Israel will receive a new and cheaper competitor in its expensive dairy market on Sunday.
Supermarket giant Supersol has launched a new brand of dairy products, Channel Two reported, which will help stimulate competition and likely lead to a lowering of prices.
"The average Israeli family spends NIS 290 ($75) a month on dairy products," Supersol's Vice President of Marketing and Trade, Uri Kilstein, said, criticizing the high dairy prices in Israel.
"When you look at Israel compared to other OECD countries, in the world of beverages and in the world of dairy, we are more expensive by 40% to 50%."
Supersol has already stated that its brand of dairy products, produced in farms and dairies in the Golan Heights, will be much cheaper than controlled products already on the market.
The first phase of products will include milk, chocolate milk, and cream made locally in Israel, as well as imported cheese. Chocolate, yogurt and additional cheeses are expected in the phase.
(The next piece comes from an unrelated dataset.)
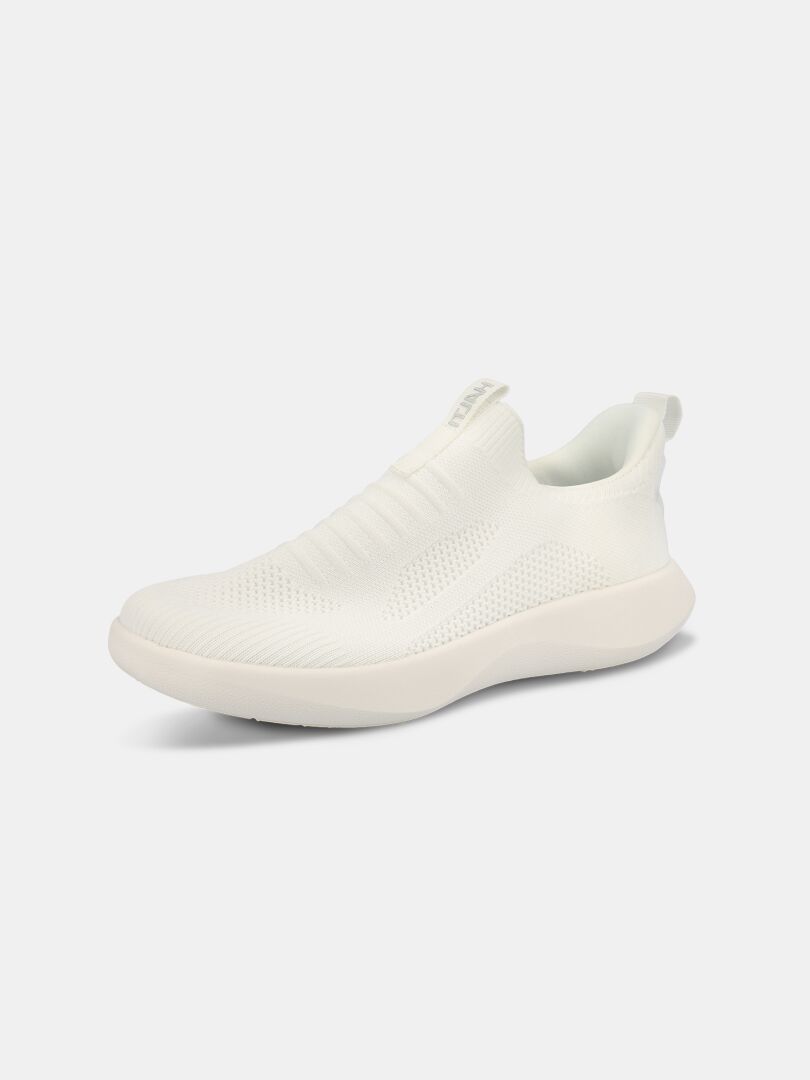 Der Halti Snabb 2 StepIn Sneaker Damen ist ein weißer Slipper mit gestricktem Obermaterial, dicker Gummisohle und StepIN-Fersen-Design.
The price of Supersol's 3% milk will cost 5.3 shekels, as opposed to the regulated price of 5.9 shekels. Similarly, 1% milk will be cheaper costing 5.4 shekels compared to 6.3.
Even the yellow cheese sold in Supersol's delicatessens will be cheaper, costing 37.9 shekels, compared with the regulated 45.4 shekels – a 16% reduction in price.
Competitors should understand, the company asserted, that they are wrong if they think this new line of products and their low prices are for a limited run only.